Werner Bartens Ratschlag ist dagegen, lieber nur auf Ernährung und Sport zu setzen. Denn schließlich sind die Wechseljahre keine Krankheit und damit sei der Ansatz einer Therapie grundsätzlich in Frage zu stellen. Das sind sie auch nicht – wie auch Potenzprobleme, Arthrosen oder Sehverlust. Sind diese gesundheitlichen Herausforderungen deshalb nicht behandlungswürdig? Soll man die Einschränkungen in der Lebensqualität einfach hinnehmen? Ernährung und Sport sind ohne Zweifel sehr wichtige Maßnahmen, die jede Frau in den Wechseljahren unbedingt berücksichtigen sollte. Aber sie reichen eben oft nicht aus, um die Lebensqualität von Frauen in der Lebensmitte wiederherzustellen. Das anzuerkennen sowie die Bedürfnisse und Wünsche von Frauen ernst zu nehmen, ihnen objektiv die Pro und Contras einer HRT vorzustellen, nach Lösungen für das sprachliche Hormon-Wirrwarr zu suchen, das wäre eine echte Unterstützung für Frauen (und Ärzt:innen!) gewesen – diese sucht man in diesem Artikel aber vergeblich.

Hier einige weitere, durch Studien belegte Fakten für die HRT, die im Artikel leider unerwähnt bleiben:

  • Die HRT wird in der Leitlinie als Therapie der Wahl zur Behandlung von vasomotorischen Beschwerden empfohlen.[1]
  • Die HRT gilt als die effektivste Behandlung zur Linderung von Hitzewallungen. Im Schnitt sinkt die Häufigkeit um 75 Prozent.[2] 
  • Die HRT reduziert das Risiko von Osteoporose (davon sind eine von vier Frauen über 50 Jahren betroffen)[3]
  • Das Risiko für Dickdarmkrebs sinkt durch eine HRT um etwa 25%[4]
  • Für Frauen im Alter von 50-59 Jahren, die ausschließlich Östrogen erhielten, wurde in der WHI-Studie eine signifikante Verringerung von Herzinfarkten und Gefäßverkalkung festgestellt.[5]
  • Bei Frauen, die eine Östrogen-Monotherapie erhielten, war das Risiko für Brustkrebs leicht verringert (WHI-Studie).[5]

[1] S3-Leitlinie »Peri- und Postmenopause – Diagnostik und Interventionen«, Januar 2020

[2] 2) MacLennan, A et al.

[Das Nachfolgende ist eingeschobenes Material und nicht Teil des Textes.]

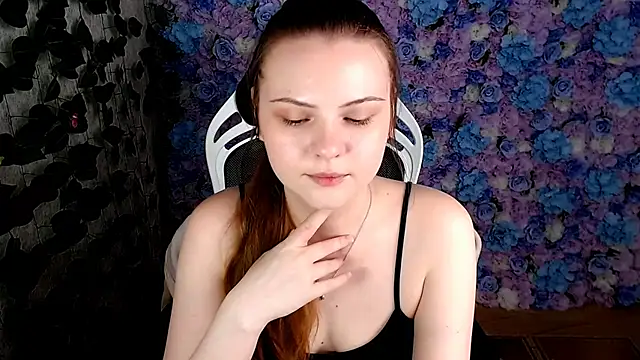 IxxiLiana online show from September 2025 05:12:01 AM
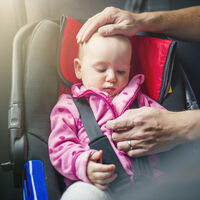 Cómo evitar que la cabeza del niño caiga hacia adelante o hacia el lado cuando se queda dormido en la silla del coche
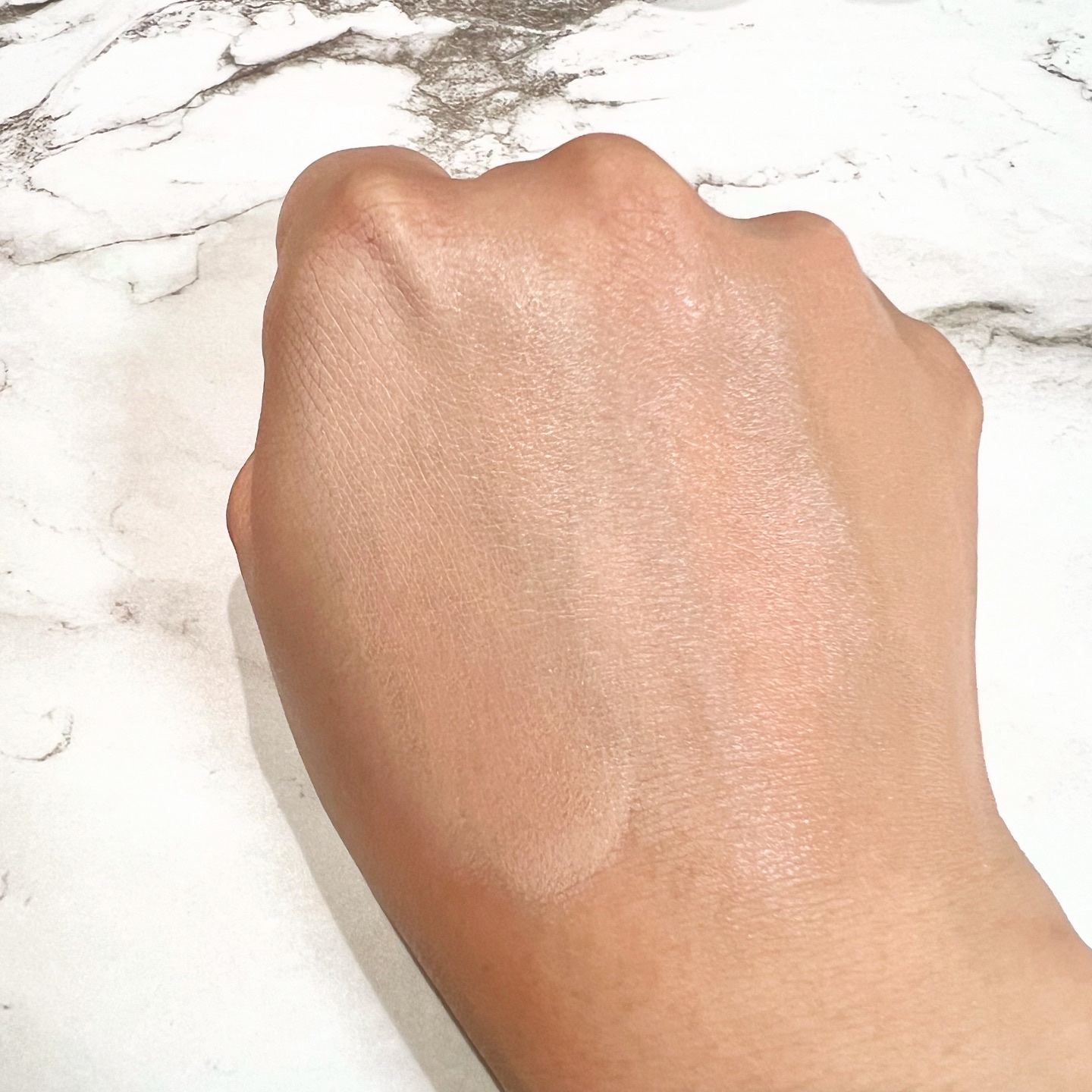 カラーステイ ロングウェア メイクアップ/REVLON/リキッドファンデーションを使ったクチコミ（3枚目）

Oral oestrogen and combined oestrogen/progestogen therapy versus placebo for hot flushes. The Cochrane Database of Systematic Reviews (2004).

[3] Cauley, J., et al. (2003, Oct). Effects of estrogen plus progestin on risk of fracture and bone mineral density: the Women’s Health Initiative randomized trial. JAMA, 290(13), pp. 1729-38.

[4] Farquhar, C., et al., Long term hormone therapy for perimenopausal and postmenopausal women. Cochrane Database Syst Rev, 2009(2): p. CD004143.

[5] Manson, J., et al. (2013, Oct). Menopausal hormone therapy and health outcomes during the intervention and extended poststopping phases of the Women’s Health Initiative randomized trials. JAMA, 310(13), pp. 1353-68.